Checking must weights at Hugel, Andrew Jefford ©
Alsace is famous for being the region which has (involuntarily) changed nationality four times since 1870, while the starveling bands sowing havoc in Europe’s most anarchic war (The Thirty Years’ War) left what would, in today’s terms, be 26 million dead in these and neighbouring lands back in the early seventeenth century.
This isn’t gratuitous detail. Alsace’s wine culture, one of Europe’s most significant and prosperous prior to the seventeenth century, was rinsed bare in the historical washing machine. Wine traditions repeatedly collapsed in political turmoil – as Alsace’s growers will happily spell out for you. What I discovered recently was that social, political and economic considerations, too, can easily trump the physical potential of terroir.
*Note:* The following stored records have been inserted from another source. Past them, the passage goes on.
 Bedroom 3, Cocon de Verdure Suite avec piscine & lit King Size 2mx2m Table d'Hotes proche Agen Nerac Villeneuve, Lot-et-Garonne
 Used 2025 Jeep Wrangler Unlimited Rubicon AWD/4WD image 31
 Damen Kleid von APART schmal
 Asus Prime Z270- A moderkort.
Let me explain.
Alsace’s red wine is Pinot Noir: the variety occupies almost 10 per cent of plantings. Some of these 1,540 ha fetch up in sparkling wine, but every winery offers red; these are often what the locals, including restaurateurs, queue up to buy. I’m not, in general, a fan.
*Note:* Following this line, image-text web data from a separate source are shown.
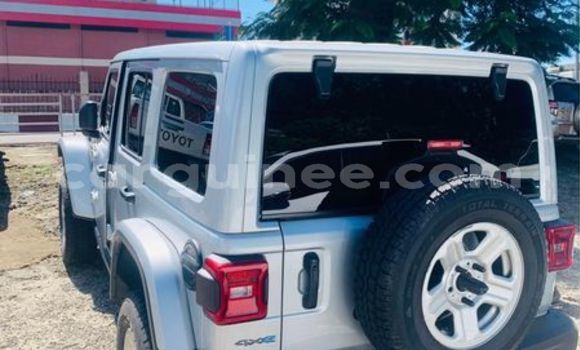 Buy Used Jeep Cherokee Other Car in Conakry in Conakry Buy Used Jeep Cherokee Other Car in Conakry in Conakry
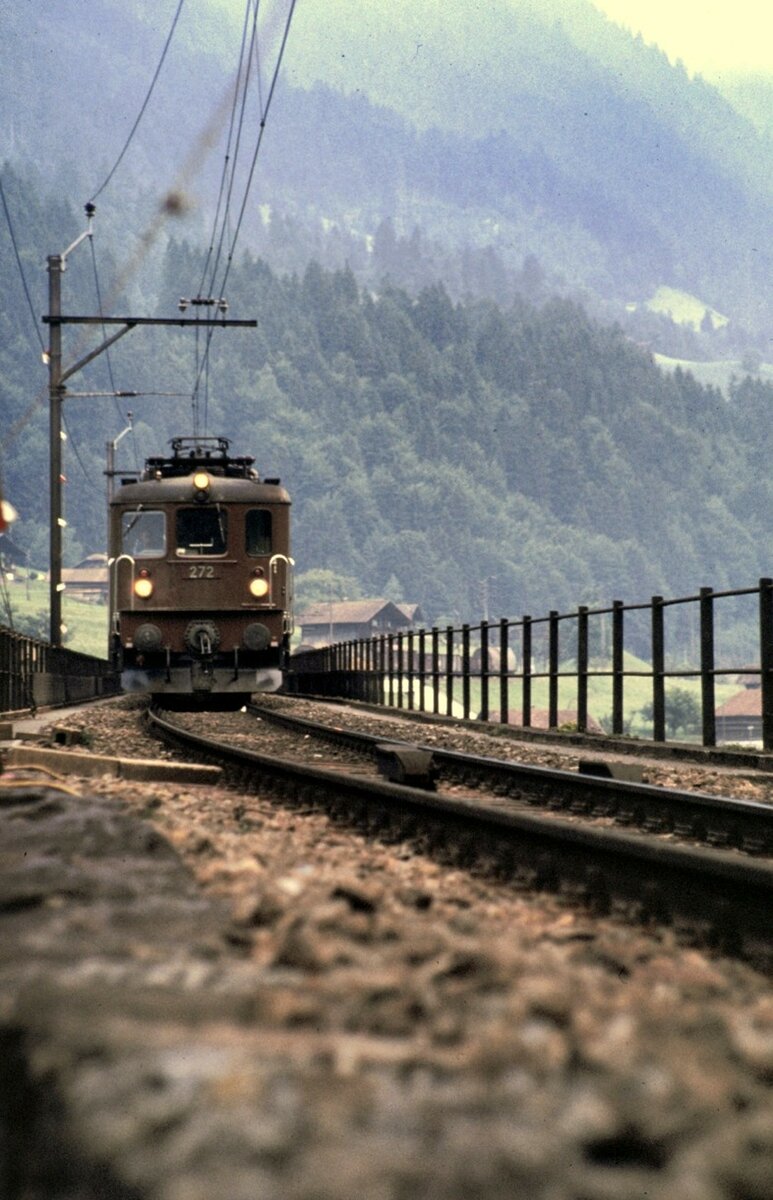 BLS Ae 8/8 Nr. 272 auf dem Kanderviadukt am 28.07.1980.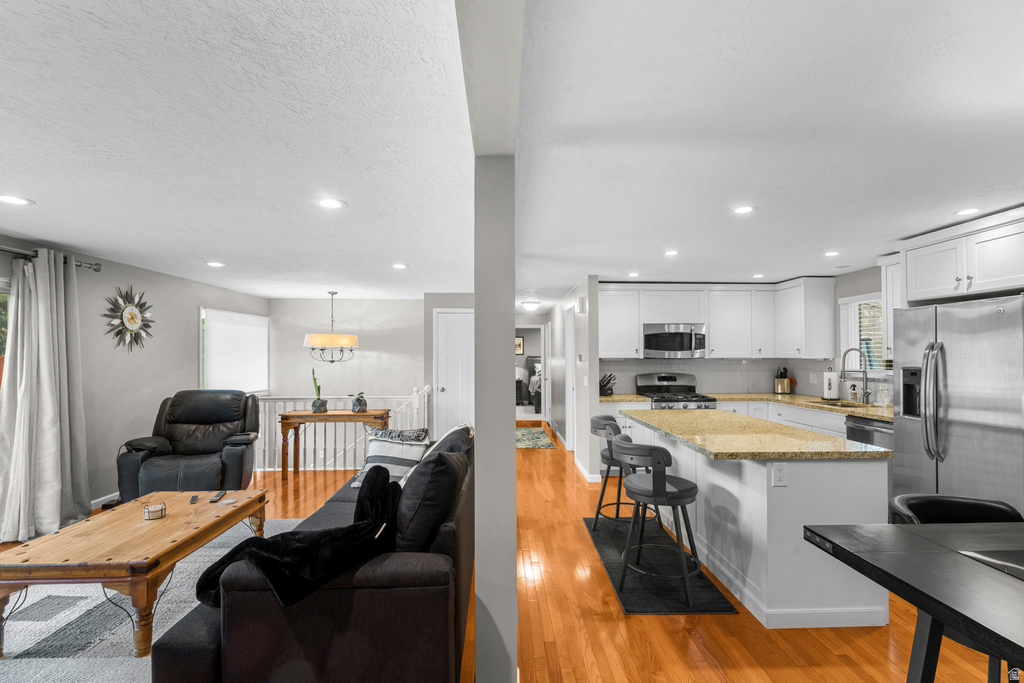 4650 S CHAPEL DR Holladay, UT 84117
Some are no more than rosé (note that average yields in Alsace are 30 hl/ha higher than in Burgundy); some are plain thin; and even the best seem to lack structure and authority, though they can be smoothly and almost lip-smackingly affable.
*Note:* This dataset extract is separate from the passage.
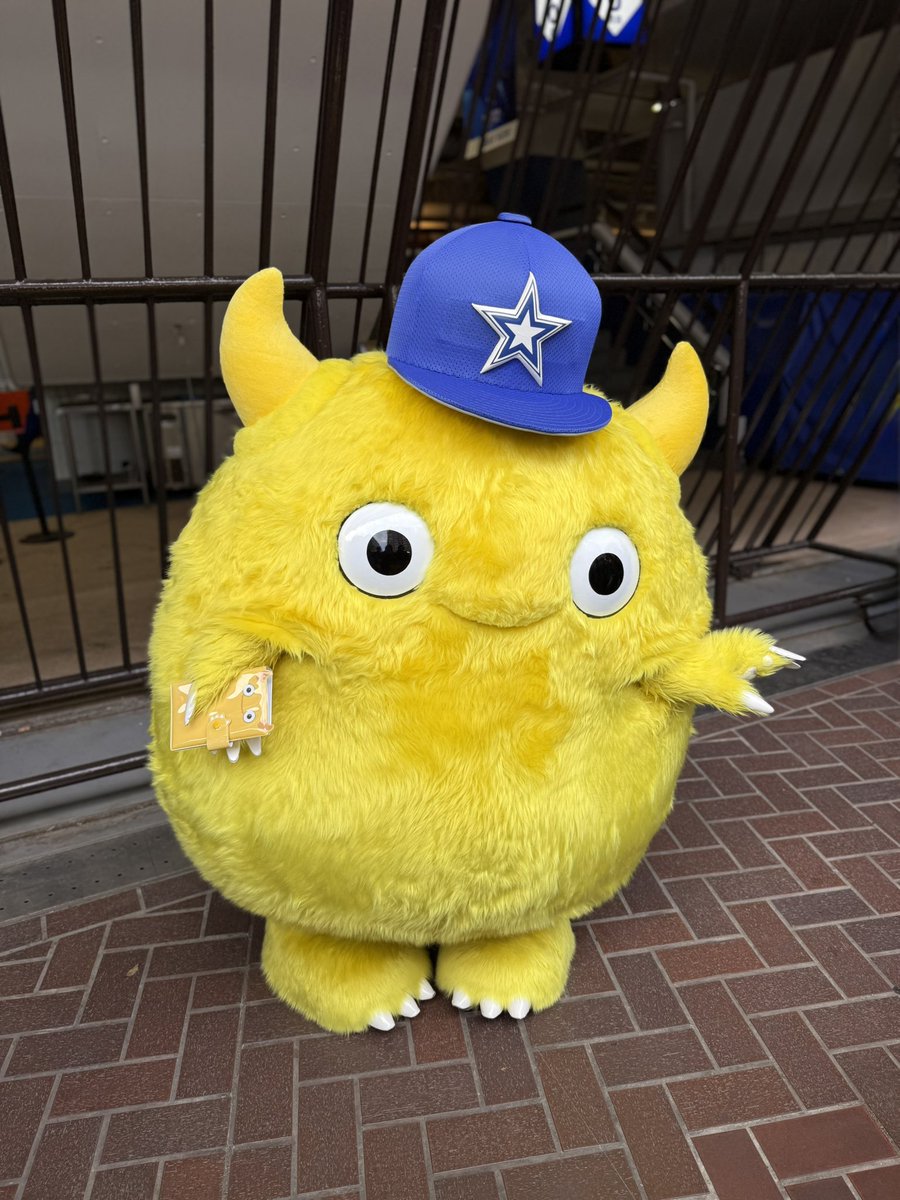 hcpppi's tweet photo. チャピーちゃんの内股ポーズから得られる栄養 https://t.co/5ZtwCzYat9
You can probably guess what’s coming next. Baden produces not 10% red wine but 44% red wine, and Pinot Noir is this region’s main grape variety, occupying 36% of plantings. In my one-day sortie (with fellow Arblaster & Clarke travelers), we visited ‘the godfather of Pinot’ in Baden, the quiet but hugely painstaking Bernhard Huber, as well as hooking up with Joachim Heger’s exuberant and good-humoured cellarmaster Markus Mleinek. No one could say that the Pinots produced at either address lack structure and authority. Dr Heger’s 2010 Achkarrer Schlossberg, indeed, was so concentrated and powerful that it reminded me of a burgundy with 15% Côte Rôtie blended into it: roasted black plums and a cascade of tannins. At Bernhard Huber’s cellar, meanwhile, the 2010 Schlossberg from another village, Hecklingen, had wonderful fruit architecture and singing, curranty acidity bonded to sumptuous tannins, while the 2010 blended Alte Reben (old vines) Spätburgunder (Pinot Noir) was a fine buy, too, with its cherry and raspberry fruit and its quivering freshness. All three wines would, I suspect, acquit themselves more than honorably against the stiffest Pinot competition.
Why the contrast with Alsace? Classic terroir comparisons suggest that Pinot should thrive west of the Rhine: Alsace vineyards are almost certainly warmer and markedly dryer than Baden, and have magnificently propitious sloping sites which boast both limestone and marl soils and southerly and easterly exposition. If Baden can do it, Alsace can surely do it, too.
But look: Baden is one of the few parts of a major white-wine producing nation which can make truly satisfying red wine – so that’s what the market wants it to do. Alsace, by contrast, is the only part of a preponderantly red-wine producing nation which can produce rich, scented whites from aromatic varieties – so that’s what the market wants it to do. (And Burgundy’s just down the road.) Pinot Noir isn’t even eligible for Grand Cru status in Alsace, though rumour has it that this will soon change for the warm, limey site of Hengst.
There is no reason, in other words, why Alsace shouldn’t produce Pinots to match those of Baden – if its lawmakers and winegrowers were prepared to make the same efforts for that variety as their German counterparts, and if customers were ready to reward those efforts. Mleinek, for example, air-blows his bunches at flowering to create a less tight, aerier fruit set in each bunch – and then cuts off the bottom of the bunch later as those grapes ripen less effectively than those higher up the bunch. Bernhard Huber spends two days training his pickers before they are let near a bunch. Yields at both are more Burgundian than Alsatian. “To make Pinot Noir, you must think Pinot Noir from the beginning, “ Huber says. “And in Alsace they think Riesling, Pinot Gris and Gewurztraminer from the beginning.”